**What is being asked**
Repeat the listing below in full and exactly, but without its pictures.

**The data**
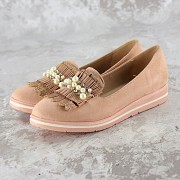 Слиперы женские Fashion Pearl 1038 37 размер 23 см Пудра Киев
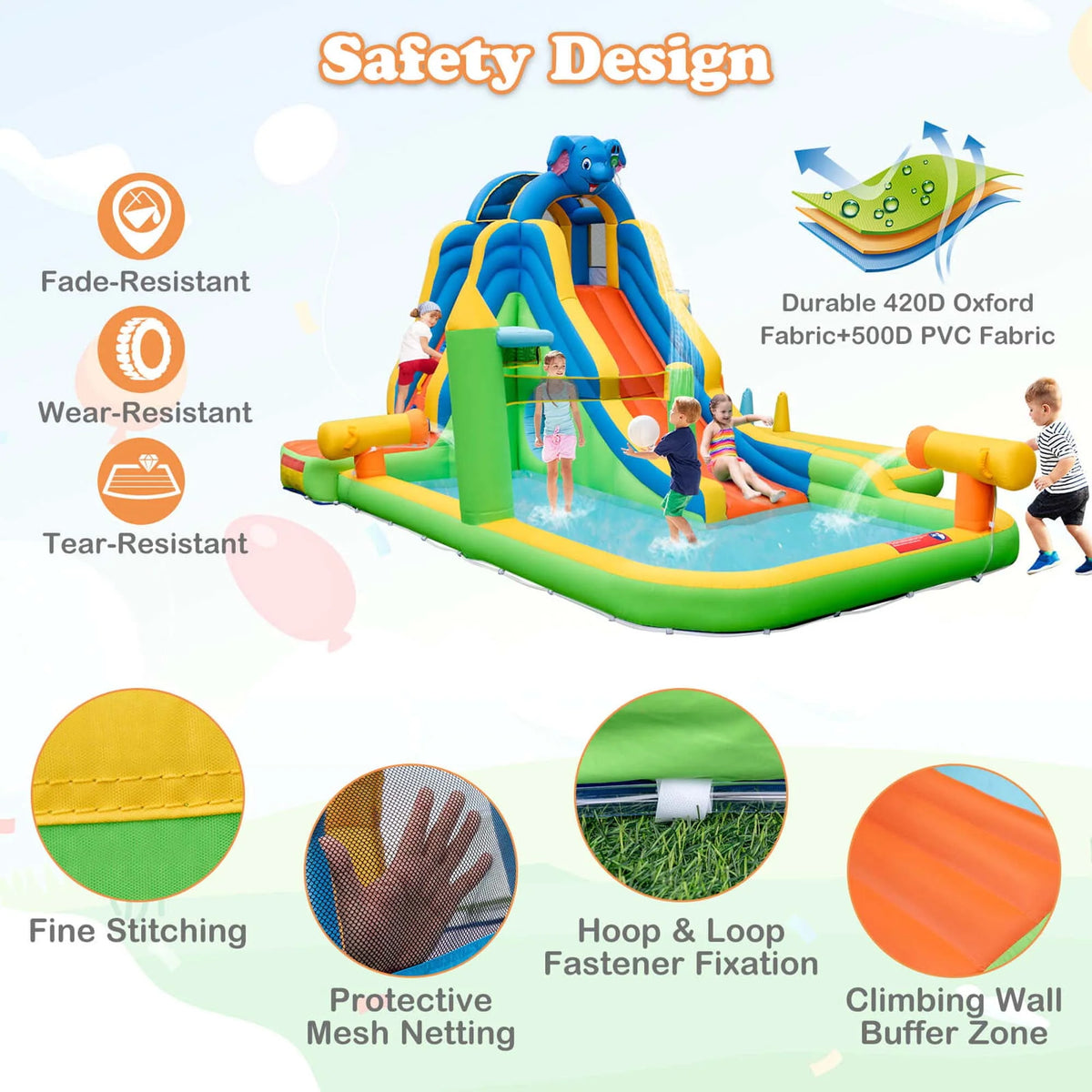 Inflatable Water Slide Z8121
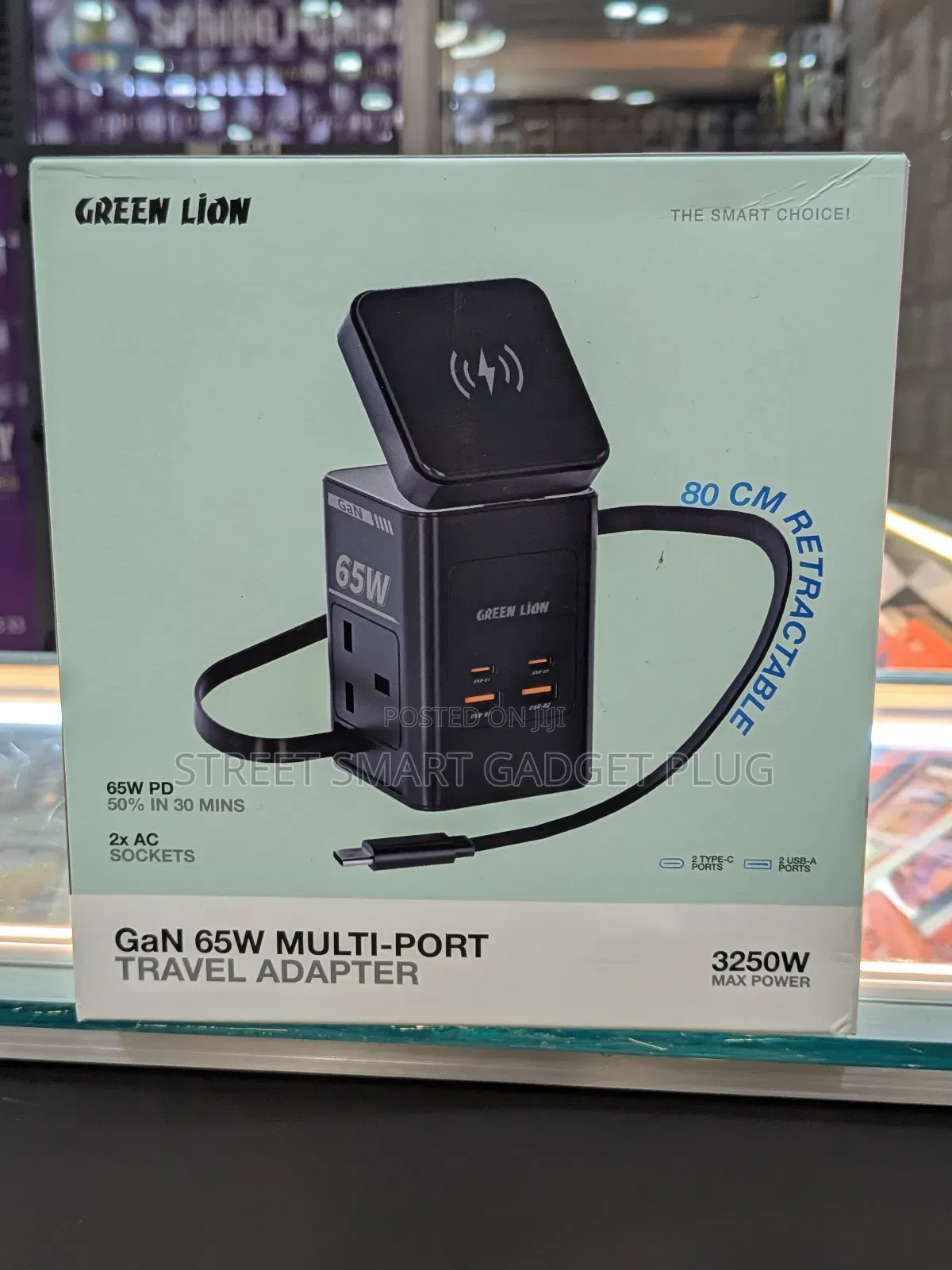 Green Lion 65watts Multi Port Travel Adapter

**Solution to the exercise**
 Слиперы женские Fashion Pearl 1038 37 размер 23 см Пудра Киев
 Inflatable Water Slide Z8121
 Green Lion 65watts Multi Port Travel Adapter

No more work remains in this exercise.